Of course, each time we compute such an estimate we’ll get a different value (duh!). The variance in these values depends on the shapes of the function f. If we generate the random points x_i nonuniformly, we must slightly alter the formula. But in using a nonuniform distribution of points we gain an enormous advantage: By making our non nonuniform distribution favor points x_i where f(x) is large, we can drastically reduce the variance of our estimate. This nonuniform sampling approach is called importance sampling, as you see before you.

 

Because major shift in rendering methods over the past several decades was from deterministic to randomized, we’ll be discussing randomized approaches to solving rendering equations.
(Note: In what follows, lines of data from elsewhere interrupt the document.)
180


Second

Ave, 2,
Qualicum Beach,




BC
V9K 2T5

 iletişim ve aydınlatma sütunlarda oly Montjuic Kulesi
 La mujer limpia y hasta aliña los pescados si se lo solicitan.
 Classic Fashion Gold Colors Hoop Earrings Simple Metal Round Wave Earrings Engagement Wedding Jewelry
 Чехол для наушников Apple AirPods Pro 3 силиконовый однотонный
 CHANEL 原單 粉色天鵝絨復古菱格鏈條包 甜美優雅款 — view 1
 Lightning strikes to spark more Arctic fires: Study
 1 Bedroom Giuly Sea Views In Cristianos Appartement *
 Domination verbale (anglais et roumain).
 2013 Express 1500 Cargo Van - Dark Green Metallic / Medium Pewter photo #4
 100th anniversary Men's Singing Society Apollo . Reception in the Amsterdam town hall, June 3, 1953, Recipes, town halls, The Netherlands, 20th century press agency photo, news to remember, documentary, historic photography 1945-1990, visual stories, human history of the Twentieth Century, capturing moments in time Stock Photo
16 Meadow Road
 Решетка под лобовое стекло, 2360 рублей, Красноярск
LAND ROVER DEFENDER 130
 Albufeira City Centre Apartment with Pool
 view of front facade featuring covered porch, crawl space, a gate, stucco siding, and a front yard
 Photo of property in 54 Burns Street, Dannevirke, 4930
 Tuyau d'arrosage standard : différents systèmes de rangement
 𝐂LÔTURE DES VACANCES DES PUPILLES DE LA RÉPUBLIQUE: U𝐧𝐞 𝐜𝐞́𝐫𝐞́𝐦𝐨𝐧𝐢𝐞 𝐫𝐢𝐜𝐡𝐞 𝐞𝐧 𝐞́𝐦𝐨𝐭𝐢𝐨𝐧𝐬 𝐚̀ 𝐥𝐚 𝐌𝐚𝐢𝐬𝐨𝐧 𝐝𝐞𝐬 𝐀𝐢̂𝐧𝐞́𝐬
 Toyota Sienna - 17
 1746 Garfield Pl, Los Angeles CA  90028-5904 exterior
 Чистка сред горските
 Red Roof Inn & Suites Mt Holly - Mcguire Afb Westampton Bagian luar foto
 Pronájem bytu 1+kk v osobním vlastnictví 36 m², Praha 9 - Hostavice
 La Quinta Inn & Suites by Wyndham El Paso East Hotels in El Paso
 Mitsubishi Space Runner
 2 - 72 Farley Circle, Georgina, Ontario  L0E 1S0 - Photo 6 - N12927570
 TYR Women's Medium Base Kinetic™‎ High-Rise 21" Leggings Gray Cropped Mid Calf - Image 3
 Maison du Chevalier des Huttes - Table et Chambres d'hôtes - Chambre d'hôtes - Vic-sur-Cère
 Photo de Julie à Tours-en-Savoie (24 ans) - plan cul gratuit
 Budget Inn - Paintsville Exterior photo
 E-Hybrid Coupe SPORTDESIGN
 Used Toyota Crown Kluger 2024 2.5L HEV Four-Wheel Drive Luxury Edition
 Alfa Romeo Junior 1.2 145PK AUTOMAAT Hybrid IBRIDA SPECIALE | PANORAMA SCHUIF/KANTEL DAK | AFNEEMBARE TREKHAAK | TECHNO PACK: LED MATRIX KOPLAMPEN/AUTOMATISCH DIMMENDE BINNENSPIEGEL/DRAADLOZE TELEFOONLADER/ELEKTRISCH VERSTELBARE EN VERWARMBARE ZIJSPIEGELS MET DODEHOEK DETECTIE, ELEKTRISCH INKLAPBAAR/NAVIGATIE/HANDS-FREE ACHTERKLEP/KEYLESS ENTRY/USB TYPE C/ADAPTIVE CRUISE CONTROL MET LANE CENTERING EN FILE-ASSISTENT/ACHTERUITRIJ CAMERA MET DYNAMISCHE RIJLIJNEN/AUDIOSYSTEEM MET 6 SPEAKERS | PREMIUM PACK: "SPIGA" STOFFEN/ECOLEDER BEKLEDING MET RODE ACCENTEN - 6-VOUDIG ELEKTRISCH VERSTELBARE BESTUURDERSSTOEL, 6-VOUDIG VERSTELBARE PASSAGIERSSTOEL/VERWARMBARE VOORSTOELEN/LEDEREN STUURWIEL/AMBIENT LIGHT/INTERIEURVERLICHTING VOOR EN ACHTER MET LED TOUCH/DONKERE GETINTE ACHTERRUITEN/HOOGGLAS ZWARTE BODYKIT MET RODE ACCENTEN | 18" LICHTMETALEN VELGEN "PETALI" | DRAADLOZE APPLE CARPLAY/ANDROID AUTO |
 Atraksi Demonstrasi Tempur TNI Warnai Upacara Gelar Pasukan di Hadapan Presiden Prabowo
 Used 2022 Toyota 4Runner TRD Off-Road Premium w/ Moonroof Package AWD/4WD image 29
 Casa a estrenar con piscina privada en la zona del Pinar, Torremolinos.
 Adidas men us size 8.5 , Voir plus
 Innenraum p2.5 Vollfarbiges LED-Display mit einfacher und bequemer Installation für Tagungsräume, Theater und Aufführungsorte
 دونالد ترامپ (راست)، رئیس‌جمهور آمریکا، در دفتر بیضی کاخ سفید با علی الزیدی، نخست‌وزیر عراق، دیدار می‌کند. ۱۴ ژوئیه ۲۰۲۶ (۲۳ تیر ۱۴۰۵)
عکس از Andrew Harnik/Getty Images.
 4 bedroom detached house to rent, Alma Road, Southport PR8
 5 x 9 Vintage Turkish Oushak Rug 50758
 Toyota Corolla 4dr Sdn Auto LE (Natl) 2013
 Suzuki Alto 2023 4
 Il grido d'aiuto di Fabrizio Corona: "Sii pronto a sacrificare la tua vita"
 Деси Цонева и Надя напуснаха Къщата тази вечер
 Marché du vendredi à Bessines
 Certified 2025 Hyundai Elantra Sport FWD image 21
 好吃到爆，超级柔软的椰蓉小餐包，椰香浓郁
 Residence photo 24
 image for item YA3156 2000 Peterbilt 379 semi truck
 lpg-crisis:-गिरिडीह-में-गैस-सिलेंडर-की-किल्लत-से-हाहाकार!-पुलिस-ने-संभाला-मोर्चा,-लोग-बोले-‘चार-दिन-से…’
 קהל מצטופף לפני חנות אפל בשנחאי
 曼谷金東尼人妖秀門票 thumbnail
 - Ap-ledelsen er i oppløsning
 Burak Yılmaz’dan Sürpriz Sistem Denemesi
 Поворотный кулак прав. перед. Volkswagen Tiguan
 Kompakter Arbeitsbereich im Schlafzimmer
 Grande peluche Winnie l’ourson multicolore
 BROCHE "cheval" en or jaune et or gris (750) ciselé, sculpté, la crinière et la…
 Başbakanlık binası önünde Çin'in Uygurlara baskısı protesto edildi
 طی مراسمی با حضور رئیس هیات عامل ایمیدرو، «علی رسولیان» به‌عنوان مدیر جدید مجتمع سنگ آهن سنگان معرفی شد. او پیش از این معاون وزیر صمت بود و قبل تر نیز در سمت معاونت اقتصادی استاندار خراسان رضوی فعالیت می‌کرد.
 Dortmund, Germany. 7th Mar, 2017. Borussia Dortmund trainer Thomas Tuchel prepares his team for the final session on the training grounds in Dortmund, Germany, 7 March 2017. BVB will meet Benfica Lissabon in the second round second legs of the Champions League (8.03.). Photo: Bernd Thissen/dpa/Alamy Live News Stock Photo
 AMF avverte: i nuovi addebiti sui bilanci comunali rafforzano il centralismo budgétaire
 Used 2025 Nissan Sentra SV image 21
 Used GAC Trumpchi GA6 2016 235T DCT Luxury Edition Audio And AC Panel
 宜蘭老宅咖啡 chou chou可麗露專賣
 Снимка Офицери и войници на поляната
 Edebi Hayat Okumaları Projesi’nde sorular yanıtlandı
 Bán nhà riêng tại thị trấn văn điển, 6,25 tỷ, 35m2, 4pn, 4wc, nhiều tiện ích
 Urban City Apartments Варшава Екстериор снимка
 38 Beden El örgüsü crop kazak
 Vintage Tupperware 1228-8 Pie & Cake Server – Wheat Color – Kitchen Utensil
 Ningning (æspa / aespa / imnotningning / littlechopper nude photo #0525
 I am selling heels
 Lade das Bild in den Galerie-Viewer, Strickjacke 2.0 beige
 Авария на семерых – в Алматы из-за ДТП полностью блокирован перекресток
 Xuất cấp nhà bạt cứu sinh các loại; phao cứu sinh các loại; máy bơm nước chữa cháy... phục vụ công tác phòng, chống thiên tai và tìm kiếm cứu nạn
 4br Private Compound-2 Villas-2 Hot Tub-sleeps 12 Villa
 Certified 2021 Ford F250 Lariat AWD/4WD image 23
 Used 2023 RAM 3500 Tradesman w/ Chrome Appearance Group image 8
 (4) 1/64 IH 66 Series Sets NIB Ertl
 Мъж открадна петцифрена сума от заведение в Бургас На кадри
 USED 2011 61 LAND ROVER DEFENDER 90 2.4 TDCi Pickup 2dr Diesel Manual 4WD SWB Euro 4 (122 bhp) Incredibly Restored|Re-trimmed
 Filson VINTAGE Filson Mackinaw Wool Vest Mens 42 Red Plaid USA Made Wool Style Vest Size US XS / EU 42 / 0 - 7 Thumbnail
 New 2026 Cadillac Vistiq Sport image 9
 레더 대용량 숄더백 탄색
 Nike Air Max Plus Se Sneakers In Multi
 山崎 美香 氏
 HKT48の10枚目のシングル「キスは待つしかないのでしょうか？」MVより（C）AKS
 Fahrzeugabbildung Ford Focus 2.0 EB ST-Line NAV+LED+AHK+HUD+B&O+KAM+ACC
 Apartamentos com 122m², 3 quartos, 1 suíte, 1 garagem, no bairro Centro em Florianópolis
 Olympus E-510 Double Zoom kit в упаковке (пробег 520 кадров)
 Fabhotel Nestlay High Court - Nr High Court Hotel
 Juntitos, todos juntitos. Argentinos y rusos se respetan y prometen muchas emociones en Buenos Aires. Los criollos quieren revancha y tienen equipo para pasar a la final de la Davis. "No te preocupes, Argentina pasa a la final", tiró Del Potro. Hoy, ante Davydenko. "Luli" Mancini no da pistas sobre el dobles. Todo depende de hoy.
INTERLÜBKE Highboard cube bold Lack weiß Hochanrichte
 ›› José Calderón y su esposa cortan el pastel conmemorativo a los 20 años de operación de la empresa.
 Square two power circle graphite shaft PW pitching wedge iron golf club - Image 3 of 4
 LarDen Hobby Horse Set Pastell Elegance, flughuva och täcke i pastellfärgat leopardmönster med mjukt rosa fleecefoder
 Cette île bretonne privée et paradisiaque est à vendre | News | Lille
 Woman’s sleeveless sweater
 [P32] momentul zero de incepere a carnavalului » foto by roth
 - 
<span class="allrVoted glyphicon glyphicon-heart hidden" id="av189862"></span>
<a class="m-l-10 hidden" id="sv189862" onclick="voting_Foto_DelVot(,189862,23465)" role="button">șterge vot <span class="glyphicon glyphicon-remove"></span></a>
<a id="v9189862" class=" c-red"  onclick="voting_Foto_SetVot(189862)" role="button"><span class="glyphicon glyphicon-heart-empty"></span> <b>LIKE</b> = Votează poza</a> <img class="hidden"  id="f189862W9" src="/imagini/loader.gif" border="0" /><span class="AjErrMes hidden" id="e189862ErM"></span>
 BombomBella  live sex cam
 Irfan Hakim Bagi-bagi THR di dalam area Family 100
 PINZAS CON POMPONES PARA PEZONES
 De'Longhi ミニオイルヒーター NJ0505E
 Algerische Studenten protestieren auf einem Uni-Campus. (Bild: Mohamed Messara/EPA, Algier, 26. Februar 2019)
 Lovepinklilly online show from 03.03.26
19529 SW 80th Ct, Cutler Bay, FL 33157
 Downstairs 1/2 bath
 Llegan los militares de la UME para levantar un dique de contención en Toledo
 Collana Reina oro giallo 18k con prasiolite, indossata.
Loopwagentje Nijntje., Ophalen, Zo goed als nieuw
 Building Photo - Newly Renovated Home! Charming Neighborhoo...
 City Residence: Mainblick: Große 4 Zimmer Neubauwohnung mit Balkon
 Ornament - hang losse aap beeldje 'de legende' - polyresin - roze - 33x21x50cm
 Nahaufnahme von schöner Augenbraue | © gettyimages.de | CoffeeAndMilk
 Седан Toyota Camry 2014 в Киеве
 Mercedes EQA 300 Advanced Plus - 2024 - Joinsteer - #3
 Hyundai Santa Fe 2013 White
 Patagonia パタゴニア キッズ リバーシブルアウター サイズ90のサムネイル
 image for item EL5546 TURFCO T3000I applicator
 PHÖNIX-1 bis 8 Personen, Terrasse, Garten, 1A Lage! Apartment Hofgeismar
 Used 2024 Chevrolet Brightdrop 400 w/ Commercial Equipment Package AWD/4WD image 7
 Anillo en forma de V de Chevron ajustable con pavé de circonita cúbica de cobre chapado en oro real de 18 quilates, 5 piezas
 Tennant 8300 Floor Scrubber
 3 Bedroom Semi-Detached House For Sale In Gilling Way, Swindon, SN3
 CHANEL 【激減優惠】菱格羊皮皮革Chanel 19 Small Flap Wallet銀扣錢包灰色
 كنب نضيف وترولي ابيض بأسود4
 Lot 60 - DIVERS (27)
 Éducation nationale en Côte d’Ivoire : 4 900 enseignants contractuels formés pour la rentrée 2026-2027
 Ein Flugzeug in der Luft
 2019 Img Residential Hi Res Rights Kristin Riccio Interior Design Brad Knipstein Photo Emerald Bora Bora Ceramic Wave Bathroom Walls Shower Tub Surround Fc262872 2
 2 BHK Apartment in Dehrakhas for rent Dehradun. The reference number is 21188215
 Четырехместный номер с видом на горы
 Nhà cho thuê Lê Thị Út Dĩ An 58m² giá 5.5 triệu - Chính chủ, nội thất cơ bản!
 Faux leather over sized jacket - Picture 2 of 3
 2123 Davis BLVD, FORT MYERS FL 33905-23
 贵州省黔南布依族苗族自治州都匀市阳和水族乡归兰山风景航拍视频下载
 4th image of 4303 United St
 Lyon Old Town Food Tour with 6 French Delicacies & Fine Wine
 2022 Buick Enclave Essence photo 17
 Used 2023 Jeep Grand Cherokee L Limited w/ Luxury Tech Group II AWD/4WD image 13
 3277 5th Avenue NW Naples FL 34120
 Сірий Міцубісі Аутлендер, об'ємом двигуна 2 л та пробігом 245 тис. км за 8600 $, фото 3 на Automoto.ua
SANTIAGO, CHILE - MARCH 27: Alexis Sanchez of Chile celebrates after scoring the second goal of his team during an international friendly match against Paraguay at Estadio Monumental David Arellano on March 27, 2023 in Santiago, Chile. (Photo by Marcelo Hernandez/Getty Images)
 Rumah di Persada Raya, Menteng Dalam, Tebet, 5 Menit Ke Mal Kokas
To do so means we’re using random variables, expectation, and variance. We deal with discrete values, because computers are inherently discrete. Continuous values deal with probability density function but we’re not gonna discuss that. We’re going to discuss probability mass function. PMF has two properties:

1- For every s \in S we have p(s) \geq 0.

2- \sum_{s \in S}p(s) = 1

The first property is called non-negativity. The second one is called normality. The intuition is that S represents a set of outcomes of some experiment, and p(s) is probability outcome of s, a member of S. An event is a subset of a probability space. The probability of an event is the sum of PMFs of elements of that event, insomuch as:

    \[ Pr\{E\} = \sum_{s \in S} p(s) \]

A random variable is a function, usually denoted by a capital letter, from a probability space to the real numbers:

    \[ X: S \rightarrow \boldsymbol{R}. \]

Keep in mind that the function X is not a variable, its a real-valued function. It’s not random either, X(s) is a single real number for any outcome s\inS.

A random variable is used to define events. For example, the set of outcome s for which X(s) = 1, that is, if ht and th are a set of strings representing heads or tails,

    \[ E = {s \in S : X(s) = 1} \]

and

    \[ = {ht, th} \]

is an event with probability \frac{1}{2}. We write this as Pr\{X=1\} = \frac{1}{2}, we use the predicate X=1 as a shorthand for the event defined by the predicate.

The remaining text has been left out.